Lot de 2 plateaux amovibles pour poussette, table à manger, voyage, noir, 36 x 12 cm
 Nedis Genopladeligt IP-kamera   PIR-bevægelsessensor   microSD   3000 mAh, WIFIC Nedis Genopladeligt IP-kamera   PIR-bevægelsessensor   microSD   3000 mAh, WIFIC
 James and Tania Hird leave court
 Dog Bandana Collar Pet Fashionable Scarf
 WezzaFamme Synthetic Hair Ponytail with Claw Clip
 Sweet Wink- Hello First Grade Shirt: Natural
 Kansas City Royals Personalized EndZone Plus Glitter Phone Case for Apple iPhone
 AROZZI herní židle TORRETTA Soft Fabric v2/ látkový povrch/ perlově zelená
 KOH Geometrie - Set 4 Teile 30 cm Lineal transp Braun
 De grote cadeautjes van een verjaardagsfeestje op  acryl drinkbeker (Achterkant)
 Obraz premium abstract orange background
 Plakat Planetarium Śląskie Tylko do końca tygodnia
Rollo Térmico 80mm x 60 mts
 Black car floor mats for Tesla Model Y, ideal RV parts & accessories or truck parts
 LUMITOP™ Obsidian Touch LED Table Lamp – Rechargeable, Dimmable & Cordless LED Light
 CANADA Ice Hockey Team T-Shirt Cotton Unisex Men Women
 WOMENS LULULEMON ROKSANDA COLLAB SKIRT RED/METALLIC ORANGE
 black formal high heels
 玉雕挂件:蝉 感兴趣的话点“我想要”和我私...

■ Your objective ■
Can you write out the lines above, from the first one through the one containing "mAh, WIFIC Nedis", exactly as they appear and nothing more?

■ Result of this task ■
Lot de 2 plateaux amovibles pour poussette, table à manger, voyage, noir, 36 x 12 cm
 Nedis Genopladeligt IP-kamera   PIR-bevægelsessensor   microSD   3000 mAh, WIFIC Nedis Genopladeligt IP-kamera   PIR-bevægelsessensor   microSD   3000 mAh, WIFIC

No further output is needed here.